Menurut Anang, komitmen yang dimaksud berkaitan dengan daerah pemilihan (dapil) para anggota dewan.
"Karena pembangunan BTS ini menyangkut Dapil para anggota DPR, sehingga itu merupakan program yang mereka tunggu-tunggu untuk di Dapil mereka masing-masing," kata Anang.
Sebagai informasi, dalam kasus BTS ini sudah ada enam orang yang duduk di kursi pesakitan: eks Menkominfo, Johnny G Plate; eks Dirut BAKTI Kominfo, Anang Achmad Latif; Tenaga Ahli HUDEV UI, Yohan Suryanto; Komisaris PT Solitech Media Sinergy, Irwan Hermawan; Direktur Utama PT Mora Telematika Indonesia, Galumbang Menak Simanjuntak; dan Account Director of Integrated Account Departement PT Huawei Tech Investment, Mukti Ali.
Tiga di antaranya, yakni Anang Latif, Galumbang Menak, dan Irwan Hermawan tak hanya dijerat korupsi, tapi juga tindak pidana pencucian uang (TPPU).
Kemudian ada dua orang yang perkaranya tak lama lagi dilimpahkan ke pengadilan, ialah Direktur Utama Basis Investments, Muhammad Yusrizki Muliawan dan Direktur PT Multimedia Berdikari Sejahtera, Windi Purnama.
Yusrizki dijerat pasal korupsi, sedangkan Windi Purnama TPPU.
Lalu seiring perkembangan proses persidangan, ada empat tersangka yang telah ditetapkan, yakni: Pejabat Pembuat Komitmen (PPK) BAKTI Kominfo, Elvano Hatohorangan; Kepala Divisi Backhaul/ Lastmile BAKTI Kominfo, Muhammad Feriandi Mirza; Direktur Utama PT Sansaine Exindo, Jemmy Sutjiawan; dan Tenaga Ahli Kominfo, Walbertus Natalius Wisang.
Keempatnya dijerat dugaan korupsi dalam kasus BTS ini.
Baca juga: Pegawainya Disebut Terima Aliran Dana Rp40 Miliar dari Kasus Korupsi BTS Kominfo, Begini Respons BPK
Terkhusus Walbertus, selain dijerat korupsi juga dijerat dugaan perintangan proses hukum.
Mereka yang dijerat korupsi, dikenakan Pasal 2 ayat (1) subsidair Pasal 3 jo.
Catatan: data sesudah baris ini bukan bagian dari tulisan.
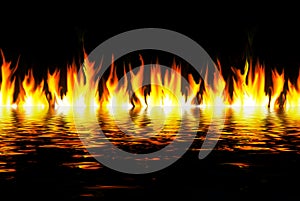 Flames over water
Pasal 18 Undang-Undang Nomor 31 Tahun 1999 tentang Pemberantasan Tindak Pidana Korupsi sebagaimana telah diubah dengan Undang-Undang Nomor 20 Tahun 2001 tentang Perubahaan atas Undang-Undang Nomor 31 Tahun 1999 tentang Pemberantasan Tindak Pidana Korupsi jo. Pasal 55 ayat (1) ke-1 KUHP.
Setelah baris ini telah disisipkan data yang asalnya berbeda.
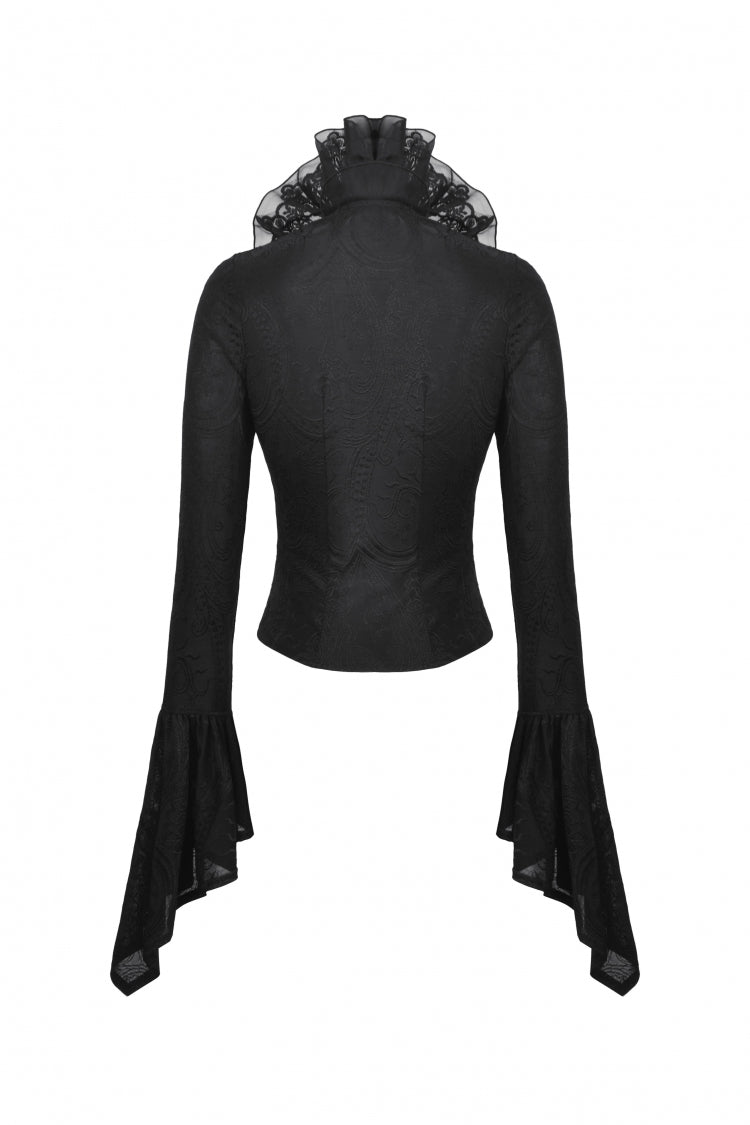 Black Lace Ruffled V Stand Collar Long Flared Sleeves Jacquard Women's Gothic Blouse - Product - 12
Kemudian yang dijerat TPPU dikenakan Pasal 3 subsidair Pasal 4 Undang-Undang Nomor 8 Tahun 2010 tentang Pencegahan dan Pemberantasan Tindak Pidana Pencucian Uang.
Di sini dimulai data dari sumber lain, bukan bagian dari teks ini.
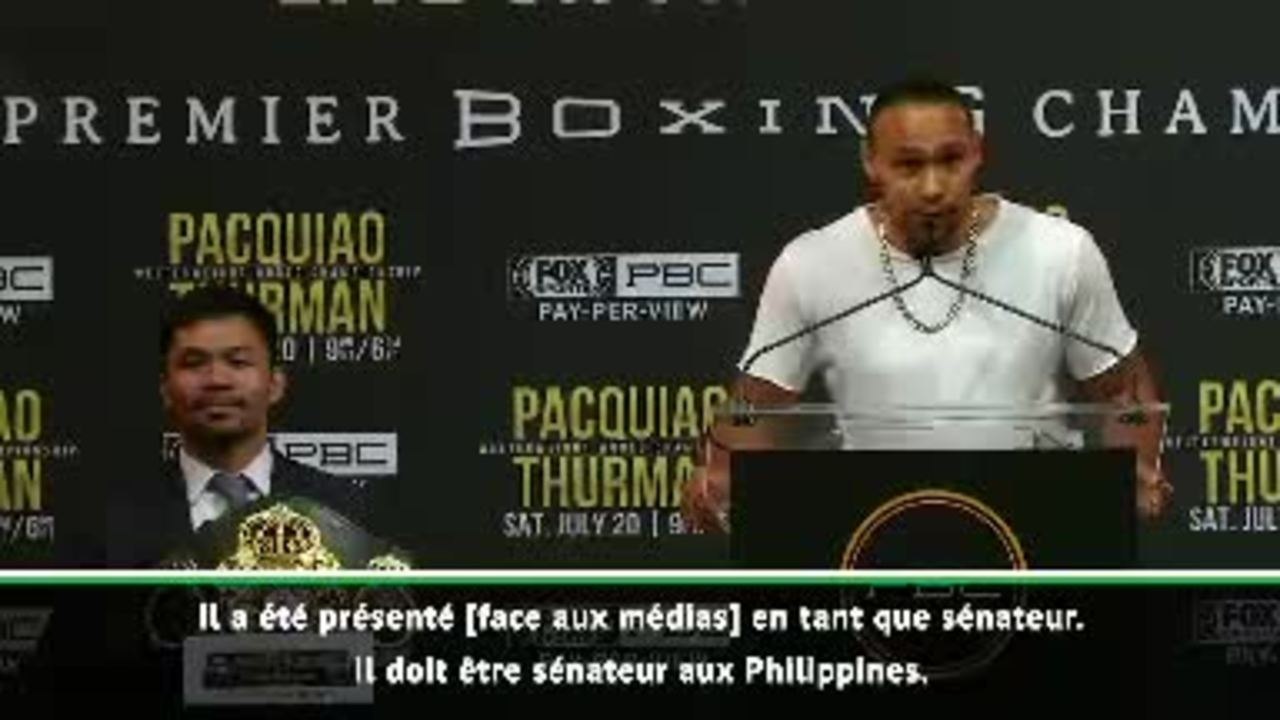 Poids welters - Thurman : '' Ce sera probablement le dernier combat de Pacquiao''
Sementara yang dijerat perintangan proses hukum dikenakan Pasal 21 atau Pasal 22 Jo. Pasal 35 Ayat (1) Undang-Undang Nomor 31 Tahun 1999 tentang Pemberantasan Tindak Pidana Korupsi Jo. Undang-Undang Nomor 20 Tahun 2001 tentang Perubahan Atas Undang-Undang Nomor 31 Tahun 1999 tentang Pemberantasan Tindak Pidana Korupsi.